── TASK INPUT

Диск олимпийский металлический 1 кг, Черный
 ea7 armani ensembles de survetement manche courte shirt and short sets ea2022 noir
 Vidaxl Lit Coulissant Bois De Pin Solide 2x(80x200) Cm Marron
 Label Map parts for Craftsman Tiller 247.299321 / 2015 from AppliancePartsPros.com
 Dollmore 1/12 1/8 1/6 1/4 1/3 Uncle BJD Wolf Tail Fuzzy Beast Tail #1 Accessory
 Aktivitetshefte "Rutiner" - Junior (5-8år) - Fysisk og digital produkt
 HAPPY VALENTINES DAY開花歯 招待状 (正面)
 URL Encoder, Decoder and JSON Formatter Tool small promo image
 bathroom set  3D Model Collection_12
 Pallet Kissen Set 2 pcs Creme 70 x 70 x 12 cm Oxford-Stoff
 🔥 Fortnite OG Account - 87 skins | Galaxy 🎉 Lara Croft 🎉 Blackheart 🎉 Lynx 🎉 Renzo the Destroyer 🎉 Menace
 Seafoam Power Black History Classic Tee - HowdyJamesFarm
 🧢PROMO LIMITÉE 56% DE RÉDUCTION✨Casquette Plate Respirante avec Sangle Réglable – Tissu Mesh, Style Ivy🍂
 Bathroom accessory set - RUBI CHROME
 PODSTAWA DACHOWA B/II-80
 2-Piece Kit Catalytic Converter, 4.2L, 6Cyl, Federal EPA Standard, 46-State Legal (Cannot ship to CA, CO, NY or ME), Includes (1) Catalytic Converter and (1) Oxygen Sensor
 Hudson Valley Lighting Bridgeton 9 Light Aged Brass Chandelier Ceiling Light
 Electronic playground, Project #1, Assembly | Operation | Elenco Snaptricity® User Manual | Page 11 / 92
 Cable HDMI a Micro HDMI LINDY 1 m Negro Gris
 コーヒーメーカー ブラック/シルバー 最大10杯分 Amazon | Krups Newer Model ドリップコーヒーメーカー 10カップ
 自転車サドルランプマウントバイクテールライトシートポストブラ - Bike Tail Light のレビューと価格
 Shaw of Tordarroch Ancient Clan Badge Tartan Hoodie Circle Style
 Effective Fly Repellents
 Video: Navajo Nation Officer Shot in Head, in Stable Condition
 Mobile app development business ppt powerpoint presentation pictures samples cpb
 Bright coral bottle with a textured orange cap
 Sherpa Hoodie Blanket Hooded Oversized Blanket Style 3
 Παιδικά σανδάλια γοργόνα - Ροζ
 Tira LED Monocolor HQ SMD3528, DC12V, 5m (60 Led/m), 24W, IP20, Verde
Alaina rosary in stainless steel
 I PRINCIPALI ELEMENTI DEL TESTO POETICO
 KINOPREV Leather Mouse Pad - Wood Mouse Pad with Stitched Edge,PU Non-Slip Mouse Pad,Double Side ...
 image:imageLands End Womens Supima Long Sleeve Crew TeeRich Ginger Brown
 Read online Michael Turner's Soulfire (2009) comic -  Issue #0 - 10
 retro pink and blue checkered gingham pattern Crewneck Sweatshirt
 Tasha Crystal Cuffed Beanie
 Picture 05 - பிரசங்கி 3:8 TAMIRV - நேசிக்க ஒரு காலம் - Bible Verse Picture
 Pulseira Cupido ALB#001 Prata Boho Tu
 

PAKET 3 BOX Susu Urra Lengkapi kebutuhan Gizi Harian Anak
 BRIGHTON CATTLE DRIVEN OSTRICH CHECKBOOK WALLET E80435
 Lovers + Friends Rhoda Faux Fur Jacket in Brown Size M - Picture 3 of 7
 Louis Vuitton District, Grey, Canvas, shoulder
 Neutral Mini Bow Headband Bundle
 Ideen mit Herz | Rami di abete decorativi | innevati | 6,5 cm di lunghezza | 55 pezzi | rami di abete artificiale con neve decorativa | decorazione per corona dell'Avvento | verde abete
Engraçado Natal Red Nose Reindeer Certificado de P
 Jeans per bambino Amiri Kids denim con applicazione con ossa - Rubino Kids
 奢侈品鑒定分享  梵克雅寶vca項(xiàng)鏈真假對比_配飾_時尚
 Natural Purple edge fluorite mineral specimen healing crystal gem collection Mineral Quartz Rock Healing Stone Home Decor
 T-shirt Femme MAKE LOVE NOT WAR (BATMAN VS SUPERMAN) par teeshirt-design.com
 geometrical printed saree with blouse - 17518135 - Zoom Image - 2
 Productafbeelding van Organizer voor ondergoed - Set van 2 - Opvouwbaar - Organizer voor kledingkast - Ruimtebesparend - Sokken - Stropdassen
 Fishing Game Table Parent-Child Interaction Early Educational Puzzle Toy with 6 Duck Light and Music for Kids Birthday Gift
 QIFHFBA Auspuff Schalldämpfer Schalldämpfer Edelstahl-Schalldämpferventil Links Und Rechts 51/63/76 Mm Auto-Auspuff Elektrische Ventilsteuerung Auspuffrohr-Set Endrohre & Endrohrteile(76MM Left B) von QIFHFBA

────

## WORK INSTRUCTIONS
For the entries above, say how many lines contain the word "Hoodie", giving the number alone.

## THE ANSWER
2